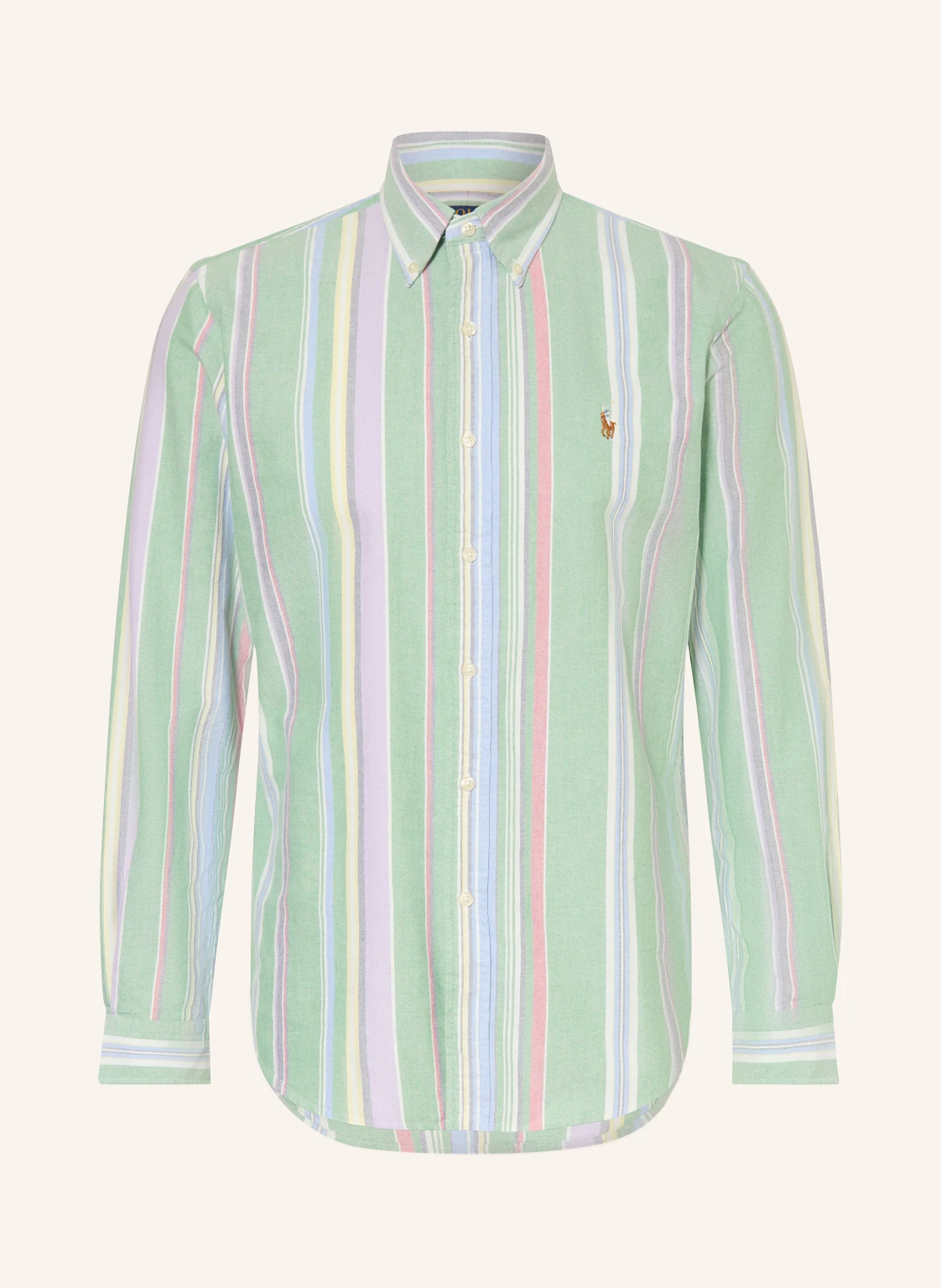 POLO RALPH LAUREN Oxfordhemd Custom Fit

....

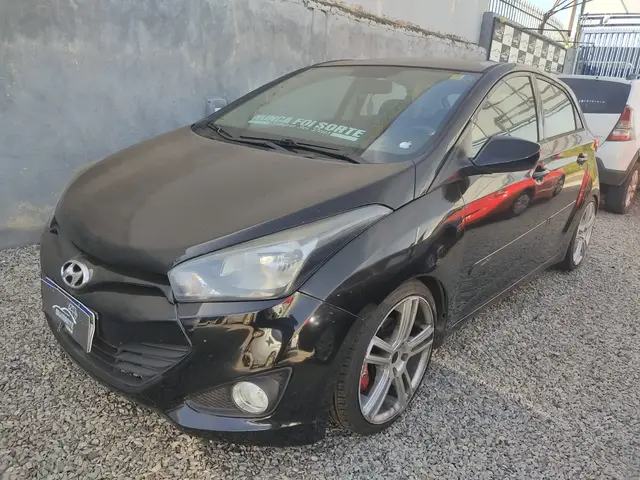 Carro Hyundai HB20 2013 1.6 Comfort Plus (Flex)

....

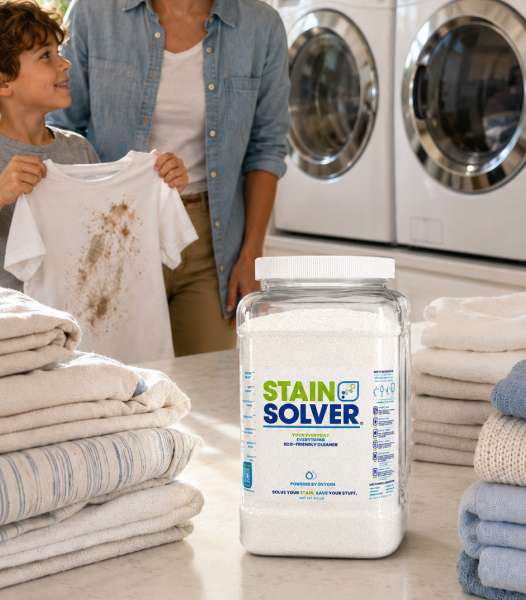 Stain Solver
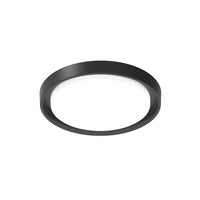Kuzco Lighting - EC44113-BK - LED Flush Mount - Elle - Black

....

### WHAT YOU HAVE TO DO
Working from the entries above, reproduce exactly and only the lines beginning with the line that has "Stain Solver" and ending with the line that has "Kuzco Lighting - EC44113-BK"; omit all pictures.

### OUTPUT
 Stain Solver
Kuzco Lighting - EC44113-BK - LED Flush Mount - Elle - Black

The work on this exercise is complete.